> _Prompt_:
Answer with the exact lines of the following material from the one containing "寿命が尽きる２年前 幻冬舎新" through the one containing "藿香正气水兽用猪用鸡鸭牛羊", both end lines included.

> _Supplied data_:

========

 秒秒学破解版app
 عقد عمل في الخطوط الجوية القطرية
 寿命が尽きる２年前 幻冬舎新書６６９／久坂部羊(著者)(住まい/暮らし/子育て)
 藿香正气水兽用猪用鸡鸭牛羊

========

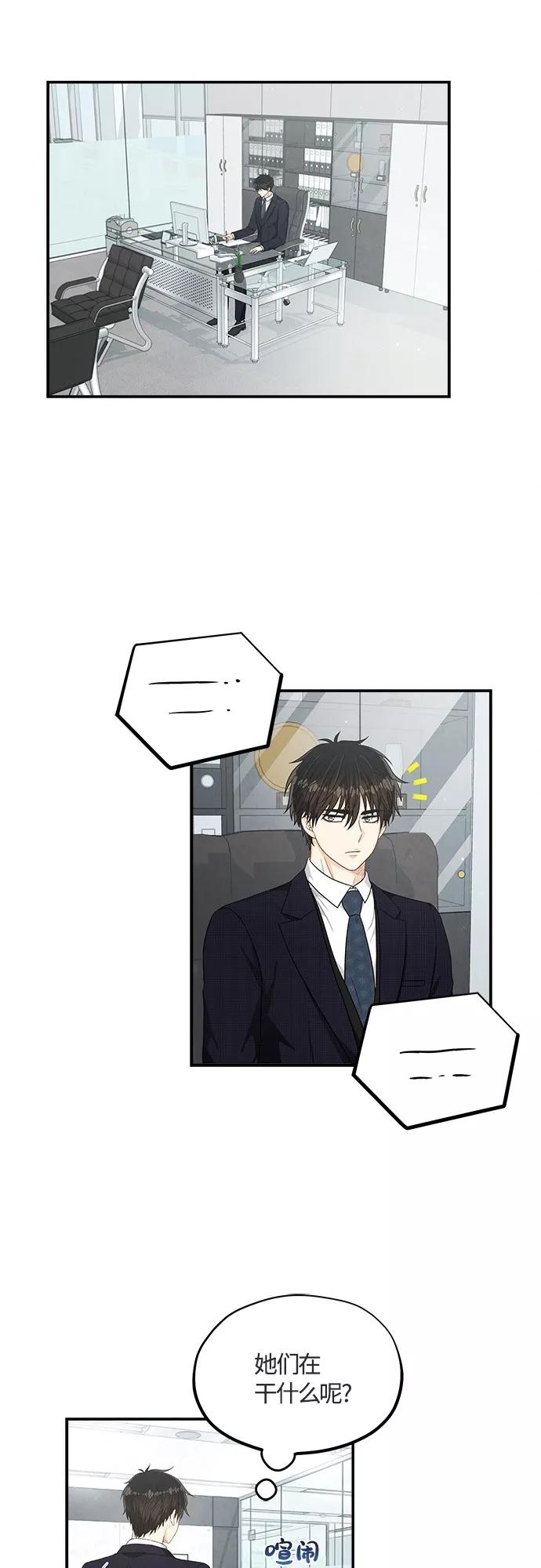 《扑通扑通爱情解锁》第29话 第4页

========

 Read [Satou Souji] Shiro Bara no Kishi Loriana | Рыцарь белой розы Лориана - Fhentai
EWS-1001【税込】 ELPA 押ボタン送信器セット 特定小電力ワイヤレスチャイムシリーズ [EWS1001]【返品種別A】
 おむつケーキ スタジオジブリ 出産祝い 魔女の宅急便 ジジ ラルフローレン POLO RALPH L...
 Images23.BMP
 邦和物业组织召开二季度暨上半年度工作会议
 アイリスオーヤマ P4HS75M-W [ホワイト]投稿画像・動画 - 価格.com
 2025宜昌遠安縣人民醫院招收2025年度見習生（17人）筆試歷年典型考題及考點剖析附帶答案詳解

========

> _Answer below_:
 寿命が尽きる２年前 幻冬舎新書６６９／久坂部羊(著者)(住まい/暮らし/子育て)
 藿香正气水兽用猪用鸡鸭牛羊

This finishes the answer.